Collaboration with global affiliates
Lilly Canada’s HR team operates within a global organization and Gilbert sees this as an opportunity for two-way learning and innovation. His Canadian team collaborates with divisions in Europe, Asia, South America, and elsewhere, creating a two-way exchange with his team contributing ideas and strategies with other affiliates and others sharing learnings with his team. The organization’s new initiatives and tools are shared on a global stage, as are talent-sharing programs, he says.
“There are places where I would say we [Canada] clearly lead, and we have a few local initiatives that created so much curiosity in the global organization that they were replicated in many places — for example, what we do in terms of our of our onboarding program,” says Gilbert. “Lots of effort is put on recruiting, but you want to make sure that you set the right foundation [with new employees], so you talk openly about the mission, our purpose, and our values — it helps to close that loop with the recruiting team.”
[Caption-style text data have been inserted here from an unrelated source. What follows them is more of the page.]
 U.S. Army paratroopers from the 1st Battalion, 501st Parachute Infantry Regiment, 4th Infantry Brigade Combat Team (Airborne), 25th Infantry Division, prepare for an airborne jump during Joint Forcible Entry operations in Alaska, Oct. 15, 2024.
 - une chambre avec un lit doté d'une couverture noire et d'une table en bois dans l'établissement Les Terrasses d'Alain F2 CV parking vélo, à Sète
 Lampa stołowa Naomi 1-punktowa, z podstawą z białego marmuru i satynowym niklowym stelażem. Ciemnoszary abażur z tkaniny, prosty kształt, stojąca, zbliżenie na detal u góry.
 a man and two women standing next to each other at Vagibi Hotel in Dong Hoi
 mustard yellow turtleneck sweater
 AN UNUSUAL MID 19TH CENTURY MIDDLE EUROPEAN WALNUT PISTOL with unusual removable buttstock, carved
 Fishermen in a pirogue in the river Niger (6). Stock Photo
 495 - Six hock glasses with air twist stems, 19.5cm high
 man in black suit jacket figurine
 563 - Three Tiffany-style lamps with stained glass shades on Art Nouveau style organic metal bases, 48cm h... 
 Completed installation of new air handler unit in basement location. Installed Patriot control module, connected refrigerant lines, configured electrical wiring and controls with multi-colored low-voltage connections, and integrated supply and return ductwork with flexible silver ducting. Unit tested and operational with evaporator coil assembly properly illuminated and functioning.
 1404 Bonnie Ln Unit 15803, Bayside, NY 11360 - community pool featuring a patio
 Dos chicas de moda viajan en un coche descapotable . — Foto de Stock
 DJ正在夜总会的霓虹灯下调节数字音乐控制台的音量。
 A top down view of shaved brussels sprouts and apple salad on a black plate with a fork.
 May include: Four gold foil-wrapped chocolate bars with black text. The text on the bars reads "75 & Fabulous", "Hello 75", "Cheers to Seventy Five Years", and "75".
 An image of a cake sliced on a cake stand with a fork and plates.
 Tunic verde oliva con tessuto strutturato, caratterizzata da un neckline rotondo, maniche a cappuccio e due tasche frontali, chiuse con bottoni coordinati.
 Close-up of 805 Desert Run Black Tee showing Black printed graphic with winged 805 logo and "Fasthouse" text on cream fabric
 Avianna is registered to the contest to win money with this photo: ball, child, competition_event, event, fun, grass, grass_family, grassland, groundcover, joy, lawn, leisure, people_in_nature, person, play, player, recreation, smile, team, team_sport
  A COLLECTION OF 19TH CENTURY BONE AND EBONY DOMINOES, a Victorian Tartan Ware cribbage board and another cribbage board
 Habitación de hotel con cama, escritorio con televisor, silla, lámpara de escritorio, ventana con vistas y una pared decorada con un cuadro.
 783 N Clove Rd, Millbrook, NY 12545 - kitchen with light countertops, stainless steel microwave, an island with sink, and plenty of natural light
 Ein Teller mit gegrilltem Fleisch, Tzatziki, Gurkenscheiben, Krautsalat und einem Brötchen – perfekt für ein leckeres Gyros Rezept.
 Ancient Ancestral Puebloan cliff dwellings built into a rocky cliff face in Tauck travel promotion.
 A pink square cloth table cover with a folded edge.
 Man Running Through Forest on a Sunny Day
Gilbert acknowledges the external scrutiny faced by the pharmaceutical sector, but he stresses the importance of focusing on the organization’s mission and culture.
“There's so much being discussed in the media these days and I understand how it can become a distraction,” he says. “The way that we approach it is we really focus on what we can control and what our mission is, so you're trying to work and isolate that noise if possible — we're lucky we have a strong local leadership and for us it's clear what our mission is, and we’re committed to having an engaged workforce, developing our talents, and having a strong local culture.”
Shared experiences, functions
With his experience in different roles — and dealing with the aftermath of a hurricane — Gilbert believes that HR shouldn’t be viewed as an isolated function.
“Now with the integration of HR with so many other functions, I think we're seeing more people like me who started in research and commercial and I’m now in HR, and we have HR people transitioning to becoming amazing commercial leaders,” he says. “The old way of thinking that HR is where you start and that's where you stay, that has to change because there's so much more that you can gain in insights and experiences and bring it back to HR, or take what you learned in HR and bring it to a different function.”